Natürlich ist sizilianisches bürgermeisterliches Besitzstreben zeitlos, auch dunkelrote Rosen für die Liebste sind zeitlos. Aber die verbalen Anspielungen auf Bunga-bunga, Berlusconi-Wähler auf dem Stiefel und hetero- wie homosexuelle Dessous-Paraden sind nur matte Pointen. Dass der weltweit aktive Olivier Tambosi mehr auf dem Kasten hätte, zeigt, wie er sein Pulver gleich im ersten Bild verschießt: Sizilien, der Bürgermeister und das Wählervolk liegen in Morpheus’ Armen im Bett, während Schmugglerkönig Benozzo zur Ablenkung von seinen Aktivitäten den furchterregenden Räuber Gasparone erfindet, zu dem sich im Verlauf einer Liebesgeschichte mit Gräfin Carlotta der vazierende Graf Erminio Saluzzo stilisiert.
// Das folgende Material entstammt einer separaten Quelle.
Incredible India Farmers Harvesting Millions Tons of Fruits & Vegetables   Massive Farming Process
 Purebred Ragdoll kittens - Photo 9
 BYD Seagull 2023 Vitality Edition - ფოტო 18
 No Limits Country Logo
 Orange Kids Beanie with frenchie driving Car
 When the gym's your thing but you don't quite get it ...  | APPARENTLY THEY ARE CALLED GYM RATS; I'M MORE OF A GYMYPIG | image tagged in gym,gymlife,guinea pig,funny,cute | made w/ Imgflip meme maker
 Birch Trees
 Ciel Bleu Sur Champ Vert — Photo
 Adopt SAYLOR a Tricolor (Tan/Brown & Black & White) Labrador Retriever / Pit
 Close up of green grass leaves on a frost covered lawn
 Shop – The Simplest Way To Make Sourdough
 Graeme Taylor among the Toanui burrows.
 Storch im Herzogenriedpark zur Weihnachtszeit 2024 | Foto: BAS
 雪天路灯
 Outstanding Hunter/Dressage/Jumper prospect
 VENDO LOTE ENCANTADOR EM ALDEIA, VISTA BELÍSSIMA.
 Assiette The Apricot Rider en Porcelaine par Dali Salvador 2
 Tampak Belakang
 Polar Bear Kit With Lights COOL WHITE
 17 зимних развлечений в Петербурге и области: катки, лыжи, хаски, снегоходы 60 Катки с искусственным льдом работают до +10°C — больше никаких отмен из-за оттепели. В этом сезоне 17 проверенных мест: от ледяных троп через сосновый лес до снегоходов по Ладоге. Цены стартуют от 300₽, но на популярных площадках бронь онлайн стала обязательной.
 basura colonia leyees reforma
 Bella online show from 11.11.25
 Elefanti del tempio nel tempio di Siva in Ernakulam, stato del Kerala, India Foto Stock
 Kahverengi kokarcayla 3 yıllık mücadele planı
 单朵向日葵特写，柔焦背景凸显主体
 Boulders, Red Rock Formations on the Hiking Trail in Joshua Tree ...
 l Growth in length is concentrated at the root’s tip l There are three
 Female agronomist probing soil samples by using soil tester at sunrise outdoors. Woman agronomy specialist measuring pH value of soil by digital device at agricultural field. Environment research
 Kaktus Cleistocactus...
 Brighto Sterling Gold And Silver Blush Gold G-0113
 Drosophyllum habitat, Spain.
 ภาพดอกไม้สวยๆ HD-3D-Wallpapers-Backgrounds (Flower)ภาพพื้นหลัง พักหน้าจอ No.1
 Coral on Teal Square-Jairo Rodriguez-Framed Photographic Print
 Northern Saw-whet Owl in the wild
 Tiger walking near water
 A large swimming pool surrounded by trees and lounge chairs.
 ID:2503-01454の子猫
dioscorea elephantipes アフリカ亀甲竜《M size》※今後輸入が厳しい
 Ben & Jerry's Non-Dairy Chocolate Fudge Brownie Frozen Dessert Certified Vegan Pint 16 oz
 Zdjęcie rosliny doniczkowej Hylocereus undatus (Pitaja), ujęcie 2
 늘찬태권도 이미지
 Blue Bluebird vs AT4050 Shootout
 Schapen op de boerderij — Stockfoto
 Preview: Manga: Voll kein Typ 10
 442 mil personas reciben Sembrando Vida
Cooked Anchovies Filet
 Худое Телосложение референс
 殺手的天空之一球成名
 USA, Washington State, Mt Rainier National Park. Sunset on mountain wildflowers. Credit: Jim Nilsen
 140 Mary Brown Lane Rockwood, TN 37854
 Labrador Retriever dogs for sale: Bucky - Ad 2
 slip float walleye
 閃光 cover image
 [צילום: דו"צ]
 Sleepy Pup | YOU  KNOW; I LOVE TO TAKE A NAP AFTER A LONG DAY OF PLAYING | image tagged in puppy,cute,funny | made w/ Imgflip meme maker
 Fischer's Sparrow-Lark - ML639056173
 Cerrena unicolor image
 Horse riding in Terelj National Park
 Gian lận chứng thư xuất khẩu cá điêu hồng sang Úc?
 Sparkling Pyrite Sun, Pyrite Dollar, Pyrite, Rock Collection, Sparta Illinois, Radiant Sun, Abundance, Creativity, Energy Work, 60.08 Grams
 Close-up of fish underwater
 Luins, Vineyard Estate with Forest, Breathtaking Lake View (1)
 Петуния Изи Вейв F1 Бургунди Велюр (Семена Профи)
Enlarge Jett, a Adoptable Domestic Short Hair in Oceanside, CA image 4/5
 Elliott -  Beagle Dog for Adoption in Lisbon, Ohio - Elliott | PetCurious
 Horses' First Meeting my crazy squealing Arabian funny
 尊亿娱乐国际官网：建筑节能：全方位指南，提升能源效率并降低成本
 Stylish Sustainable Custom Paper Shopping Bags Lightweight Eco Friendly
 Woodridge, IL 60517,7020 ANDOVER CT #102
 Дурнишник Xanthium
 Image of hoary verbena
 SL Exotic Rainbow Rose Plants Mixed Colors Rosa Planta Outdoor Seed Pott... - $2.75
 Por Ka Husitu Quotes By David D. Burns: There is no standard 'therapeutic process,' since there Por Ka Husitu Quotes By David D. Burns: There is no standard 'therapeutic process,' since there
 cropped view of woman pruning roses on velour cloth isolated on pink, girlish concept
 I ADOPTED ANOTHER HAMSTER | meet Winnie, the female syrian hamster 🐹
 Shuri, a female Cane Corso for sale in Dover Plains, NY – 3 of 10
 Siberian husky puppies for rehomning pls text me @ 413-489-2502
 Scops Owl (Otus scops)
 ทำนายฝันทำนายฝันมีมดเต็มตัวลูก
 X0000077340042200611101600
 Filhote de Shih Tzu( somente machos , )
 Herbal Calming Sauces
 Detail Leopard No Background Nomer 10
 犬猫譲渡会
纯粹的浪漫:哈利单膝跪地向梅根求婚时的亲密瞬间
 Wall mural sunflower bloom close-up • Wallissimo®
Befremdlich Tambosis "Gag“, dass die "selige Insel“ seit 1918 keinen Zugang zum Meer mehr habe. Will er damit auf Österreich hinaus, warum dann aber von Trapani statt von Syrakus aus?

Befremdlich auch die Optik, dass praktisch jede Musiknummer bis hin zum Liebesduett von Stephan Brauer wie ein Lotsenalphabet choreographiert wird, eine hingebaute Fußangel-Sanddüneninsel von Andreas Wilkens nicht einmal eine Hochzeitstarantella ermöglicht.

Charme, Temperament und Erotik

Graz kann Carlotta und Erminio zwar doppelt besetzen. Aber die in Graz ausgebildete Kroatin Evelin Novak müht sich bei sicherer Höhe mit Charmedefiziten, ihr als Premierenbesetzung aufgebotener Südtiroler Bariton-Lackl Andre Schuen macht auch vokal sieghafte Figur.

Charme, Temperament und Erotik im Überfluss setzt das exzellente Buffo-Paar Sieglinde Feldhofer (Sora) und Janos Mischuretz ein. Und lässt so die leichtgewichtigen Buffopartien des Bürgermeisters (Götz Zemann) und des Dorfgockels Sindulfo (Martin Fournier) blass aussehen. Orchester und Maestro musizieren an Millöcker vorbei. Die Reanimation der Partitur geht leider schief, der Patient ex.